### ACTIVITY:
Go to the line below containing "Beige Atelier 59, Perlenstickerei Vogel" and print exactly from there through the line containing "VASE – Mrs med skjerf – lilla og gul", both included. Print nothing else.

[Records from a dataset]
»»
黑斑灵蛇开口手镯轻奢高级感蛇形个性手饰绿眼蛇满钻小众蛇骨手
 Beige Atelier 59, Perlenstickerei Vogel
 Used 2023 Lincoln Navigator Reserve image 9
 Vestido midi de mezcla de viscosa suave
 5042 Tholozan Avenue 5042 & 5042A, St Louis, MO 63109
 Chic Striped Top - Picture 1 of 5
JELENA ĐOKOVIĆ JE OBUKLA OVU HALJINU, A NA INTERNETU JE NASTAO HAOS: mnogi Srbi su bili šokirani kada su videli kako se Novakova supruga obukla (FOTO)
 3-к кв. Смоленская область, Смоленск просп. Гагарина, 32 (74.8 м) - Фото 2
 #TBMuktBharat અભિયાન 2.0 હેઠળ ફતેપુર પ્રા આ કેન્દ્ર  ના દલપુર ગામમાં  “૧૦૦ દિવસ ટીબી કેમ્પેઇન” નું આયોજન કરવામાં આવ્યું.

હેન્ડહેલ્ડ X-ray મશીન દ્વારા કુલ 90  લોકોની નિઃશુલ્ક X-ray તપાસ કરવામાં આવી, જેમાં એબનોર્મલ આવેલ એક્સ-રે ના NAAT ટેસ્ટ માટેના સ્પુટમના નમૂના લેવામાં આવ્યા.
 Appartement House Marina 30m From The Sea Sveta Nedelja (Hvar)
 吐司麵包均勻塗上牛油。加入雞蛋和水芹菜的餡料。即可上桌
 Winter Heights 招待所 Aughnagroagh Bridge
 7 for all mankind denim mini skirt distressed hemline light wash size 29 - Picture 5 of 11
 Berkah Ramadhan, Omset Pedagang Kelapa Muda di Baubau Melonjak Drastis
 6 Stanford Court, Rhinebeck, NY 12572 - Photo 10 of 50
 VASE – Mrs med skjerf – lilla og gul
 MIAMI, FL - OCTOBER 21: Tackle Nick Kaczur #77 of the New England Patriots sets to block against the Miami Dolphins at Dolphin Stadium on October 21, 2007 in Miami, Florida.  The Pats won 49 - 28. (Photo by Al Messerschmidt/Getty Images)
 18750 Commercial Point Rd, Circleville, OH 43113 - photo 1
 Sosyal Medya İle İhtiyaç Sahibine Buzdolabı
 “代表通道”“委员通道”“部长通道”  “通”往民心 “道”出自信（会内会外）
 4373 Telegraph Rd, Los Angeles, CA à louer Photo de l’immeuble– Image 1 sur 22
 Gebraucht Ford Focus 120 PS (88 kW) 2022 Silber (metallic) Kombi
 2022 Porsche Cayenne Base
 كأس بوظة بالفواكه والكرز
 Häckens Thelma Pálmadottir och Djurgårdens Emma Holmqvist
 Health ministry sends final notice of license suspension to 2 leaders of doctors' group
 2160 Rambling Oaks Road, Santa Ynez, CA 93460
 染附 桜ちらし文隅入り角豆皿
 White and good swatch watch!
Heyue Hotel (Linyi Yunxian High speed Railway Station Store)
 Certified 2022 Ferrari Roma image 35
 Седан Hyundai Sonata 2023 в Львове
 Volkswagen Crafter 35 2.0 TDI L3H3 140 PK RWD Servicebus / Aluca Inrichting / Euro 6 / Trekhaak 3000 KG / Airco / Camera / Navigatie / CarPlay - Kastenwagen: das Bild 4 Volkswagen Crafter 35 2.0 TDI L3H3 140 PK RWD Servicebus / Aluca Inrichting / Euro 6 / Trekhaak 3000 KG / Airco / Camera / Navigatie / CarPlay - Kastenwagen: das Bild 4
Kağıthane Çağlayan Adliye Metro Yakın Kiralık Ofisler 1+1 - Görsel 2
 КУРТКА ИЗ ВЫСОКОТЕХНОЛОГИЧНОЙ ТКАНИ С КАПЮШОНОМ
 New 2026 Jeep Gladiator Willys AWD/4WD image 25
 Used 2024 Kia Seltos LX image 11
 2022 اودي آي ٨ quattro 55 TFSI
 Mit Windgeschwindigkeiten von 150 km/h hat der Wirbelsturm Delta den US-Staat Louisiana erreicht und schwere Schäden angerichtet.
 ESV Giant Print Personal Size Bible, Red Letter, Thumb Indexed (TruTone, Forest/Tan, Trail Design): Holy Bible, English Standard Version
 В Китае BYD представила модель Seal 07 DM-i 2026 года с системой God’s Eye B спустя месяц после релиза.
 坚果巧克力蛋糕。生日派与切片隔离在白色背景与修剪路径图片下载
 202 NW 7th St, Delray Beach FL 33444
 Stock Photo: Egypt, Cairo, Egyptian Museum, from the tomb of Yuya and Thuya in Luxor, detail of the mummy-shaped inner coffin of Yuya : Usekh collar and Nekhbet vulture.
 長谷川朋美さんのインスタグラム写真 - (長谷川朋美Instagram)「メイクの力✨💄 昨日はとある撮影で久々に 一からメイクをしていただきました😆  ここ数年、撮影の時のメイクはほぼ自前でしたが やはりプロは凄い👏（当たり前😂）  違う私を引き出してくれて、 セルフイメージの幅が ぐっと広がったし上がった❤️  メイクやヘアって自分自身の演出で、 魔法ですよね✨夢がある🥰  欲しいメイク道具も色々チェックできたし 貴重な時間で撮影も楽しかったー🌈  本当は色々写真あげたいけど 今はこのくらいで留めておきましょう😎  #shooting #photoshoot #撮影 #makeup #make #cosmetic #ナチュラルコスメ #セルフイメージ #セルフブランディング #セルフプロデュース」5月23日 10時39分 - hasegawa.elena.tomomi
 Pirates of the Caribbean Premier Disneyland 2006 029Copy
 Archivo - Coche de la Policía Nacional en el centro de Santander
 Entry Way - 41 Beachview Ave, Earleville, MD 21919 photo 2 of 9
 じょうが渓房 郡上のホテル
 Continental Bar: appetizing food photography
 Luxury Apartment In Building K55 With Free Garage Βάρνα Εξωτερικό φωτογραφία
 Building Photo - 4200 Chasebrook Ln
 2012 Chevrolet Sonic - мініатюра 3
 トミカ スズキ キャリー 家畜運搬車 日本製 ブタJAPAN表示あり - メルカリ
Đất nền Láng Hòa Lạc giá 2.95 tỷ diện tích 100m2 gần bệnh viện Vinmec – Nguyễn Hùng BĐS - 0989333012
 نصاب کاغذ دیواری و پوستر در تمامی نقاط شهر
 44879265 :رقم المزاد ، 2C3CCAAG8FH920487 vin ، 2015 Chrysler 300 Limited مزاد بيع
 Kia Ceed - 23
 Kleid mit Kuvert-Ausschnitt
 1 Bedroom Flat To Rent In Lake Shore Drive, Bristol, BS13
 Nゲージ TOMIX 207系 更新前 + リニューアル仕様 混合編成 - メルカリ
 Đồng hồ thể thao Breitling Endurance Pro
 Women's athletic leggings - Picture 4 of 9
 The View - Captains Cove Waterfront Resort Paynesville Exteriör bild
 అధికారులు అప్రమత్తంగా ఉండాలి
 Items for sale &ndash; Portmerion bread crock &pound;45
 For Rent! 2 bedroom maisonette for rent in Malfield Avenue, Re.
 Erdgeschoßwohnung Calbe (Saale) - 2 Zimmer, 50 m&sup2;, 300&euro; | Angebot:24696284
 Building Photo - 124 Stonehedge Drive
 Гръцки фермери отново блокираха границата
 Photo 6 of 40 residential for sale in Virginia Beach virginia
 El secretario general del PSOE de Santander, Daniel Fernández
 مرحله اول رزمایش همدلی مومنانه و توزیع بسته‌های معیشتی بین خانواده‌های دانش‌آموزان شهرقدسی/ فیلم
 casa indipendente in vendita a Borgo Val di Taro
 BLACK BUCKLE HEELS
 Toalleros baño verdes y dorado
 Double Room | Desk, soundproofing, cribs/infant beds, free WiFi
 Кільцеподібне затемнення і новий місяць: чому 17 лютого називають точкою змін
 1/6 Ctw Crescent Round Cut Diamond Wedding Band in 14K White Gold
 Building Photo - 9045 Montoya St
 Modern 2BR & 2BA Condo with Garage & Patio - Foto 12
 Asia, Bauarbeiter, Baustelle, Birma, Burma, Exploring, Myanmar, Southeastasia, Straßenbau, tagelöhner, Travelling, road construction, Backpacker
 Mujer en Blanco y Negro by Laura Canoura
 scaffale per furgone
««
### SOLUTION TO THIS PROBLEM:
 Beige Atelier 59, Perlenstickerei Vogel
 Used 2023 Lincoln Navigator Reserve image 9
 Vestido midi de mezcla de viscosa suave
 5042 Tholozan Avenue 5042 & 5042A, St Louis, MO 63109
 Chic Striped Top - Picture 1 of 5
JELENA ĐOKOVIĆ JE OBUKLA OVU HALJINU, A NA INTERNETU JE NASTAO HAOS: mnogi Srbi su bili šokirani kada su videli kako se Novakova supruga obukla (FOTO)
 3-к кв. Смоленская область, Смоленск просп. Гагарина, 32 (74.8 м) - Фото 2
 #TBMuktBharat અભિયાન 2.0 હેઠળ ફતેપુર પ્રા આ કેન્દ્ર  ના દલપુર ગામમાં  “૧૦૦ દિવસ ટીબી કેમ્પેઇન” નું આયોજન કરવામાં આવ્યું.

હેન્ડહેલ્ડ X-ray મશીન દ્વારા કુલ 90  લોકોની નિઃશુલ્ક X-ray તપાસ કરવામાં આવી, જેમાં એબનોર્મલ આવેલ એક્સ-રે ના NAAT ટેસ્ટ માટેના સ્પુટમના નમૂના લેવામાં આવ્યા.
 Appartement House Marina 30m From The Sea Sveta Nedelja (Hvar)
 吐司麵包均勻塗上牛油。加入雞蛋和水芹菜的餡料。即可上桌
 Winter Heights 招待所 Aughnagroagh Bridge
 7 for all mankind denim mini skirt distressed hemline light wash size 29 - Picture 5 of 11
 Berkah Ramadhan, Omset Pedagang Kelapa Muda di Baubau Melonjak Drastis
 6 Stanford Court, Rhinebeck, NY 12572 - Photo 10 of 50
 VASE – Mrs med skjerf – lilla og gul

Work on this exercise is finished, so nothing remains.